Effects of different ways of using visualizations on high school students' electrochemistry conceptual understanding and motivation towards chemistry learning

The purpose of this study is to examine the effects of different ways to use visualizations on high school students' electrochemistry conceptual understanding and motivation towards chemistry learning. Expanding upon a model-based learning approach (Khan, 2007), we adopted a VGEM sequence (View, Generate, Evaluate, and Modify) to create three instructional conditions. All conditions involved the viewing, evaluating, and modifying phases, whereas there were variations in the generating phase: (1) finishing worksheets (V group), (2) generating drawings (VD group), and (3) generating animations (VA group). Three intact classes with 109 eleventh graders from a public high school were randomly assigned to the three groups. A test of conceptual understanding was used as the pretest, posttest, and delayed posttest to assess respectively initial understanding, changes, and retention of understanding up to 6 weeks later. A questionnaire to measure students' motivation to learn chemistry was administered before and after the instruction.
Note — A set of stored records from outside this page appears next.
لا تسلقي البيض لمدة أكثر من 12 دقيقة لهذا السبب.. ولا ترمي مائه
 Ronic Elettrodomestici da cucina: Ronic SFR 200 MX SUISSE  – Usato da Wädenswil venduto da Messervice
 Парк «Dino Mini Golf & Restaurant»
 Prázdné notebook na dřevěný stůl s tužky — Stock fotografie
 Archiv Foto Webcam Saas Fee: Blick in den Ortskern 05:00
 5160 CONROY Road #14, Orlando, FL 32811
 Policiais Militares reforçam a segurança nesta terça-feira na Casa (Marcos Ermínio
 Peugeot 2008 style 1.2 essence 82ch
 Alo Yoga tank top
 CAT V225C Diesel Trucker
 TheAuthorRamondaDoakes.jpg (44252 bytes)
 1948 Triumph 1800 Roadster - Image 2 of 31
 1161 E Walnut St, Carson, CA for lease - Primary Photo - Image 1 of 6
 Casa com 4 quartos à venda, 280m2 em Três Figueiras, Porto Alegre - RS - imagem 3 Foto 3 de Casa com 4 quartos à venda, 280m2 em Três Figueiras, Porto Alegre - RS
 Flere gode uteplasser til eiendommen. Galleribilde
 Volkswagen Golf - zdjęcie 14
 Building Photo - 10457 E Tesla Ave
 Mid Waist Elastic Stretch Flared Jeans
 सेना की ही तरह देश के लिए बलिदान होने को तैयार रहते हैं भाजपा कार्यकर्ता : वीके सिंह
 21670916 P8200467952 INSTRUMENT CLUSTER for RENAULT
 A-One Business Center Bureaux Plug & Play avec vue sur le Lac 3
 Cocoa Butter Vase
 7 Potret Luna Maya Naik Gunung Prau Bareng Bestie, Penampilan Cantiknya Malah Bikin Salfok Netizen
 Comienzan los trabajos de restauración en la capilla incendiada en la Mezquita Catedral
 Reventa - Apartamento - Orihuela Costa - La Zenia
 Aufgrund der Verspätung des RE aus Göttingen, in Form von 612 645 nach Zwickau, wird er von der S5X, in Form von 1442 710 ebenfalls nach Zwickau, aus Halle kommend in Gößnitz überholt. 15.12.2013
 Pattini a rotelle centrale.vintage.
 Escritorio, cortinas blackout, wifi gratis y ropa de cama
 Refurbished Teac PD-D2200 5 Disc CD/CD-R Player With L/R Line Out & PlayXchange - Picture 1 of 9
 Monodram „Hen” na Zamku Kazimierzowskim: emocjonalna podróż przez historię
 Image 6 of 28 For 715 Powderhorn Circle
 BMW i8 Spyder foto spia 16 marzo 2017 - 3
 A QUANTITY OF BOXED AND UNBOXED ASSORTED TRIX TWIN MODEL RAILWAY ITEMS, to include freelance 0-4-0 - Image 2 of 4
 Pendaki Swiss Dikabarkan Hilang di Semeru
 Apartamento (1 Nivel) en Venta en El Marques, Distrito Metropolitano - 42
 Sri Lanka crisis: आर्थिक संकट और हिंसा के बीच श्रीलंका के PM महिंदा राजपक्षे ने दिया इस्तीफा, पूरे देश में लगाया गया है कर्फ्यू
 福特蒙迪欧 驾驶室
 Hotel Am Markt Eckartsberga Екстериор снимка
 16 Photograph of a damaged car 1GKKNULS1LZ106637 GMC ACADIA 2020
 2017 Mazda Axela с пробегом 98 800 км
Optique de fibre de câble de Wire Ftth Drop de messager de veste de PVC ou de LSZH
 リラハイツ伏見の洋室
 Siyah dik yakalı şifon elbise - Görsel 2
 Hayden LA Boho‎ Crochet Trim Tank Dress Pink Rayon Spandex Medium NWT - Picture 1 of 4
Statistical results of the within-group comparisons revealed that all three instructional conditions could support students to develop a significantly better conceptual understanding of electrochemistry and that in the three groups, students' understanding was retained after 6 weeks. Regarding the overall motivation before and after the instruction, only the VA group showed motivational benefits for chemistry learning. Furthermore, the between-group comparisons indicated no significant differences between the means of the three groups in the posttest and delayed posttest, and suggested that the three groups developed and retained a similar level of conceptual understanding after the instruction. Similarly, different uses of visualizations made no difference to students' chemistry learning motivation. This study advances the understanding of how to develop effective instructional activities with visualizations for chemistry learning, and suggests possible conceptual and motivational benefits of viewing and generating visualizations.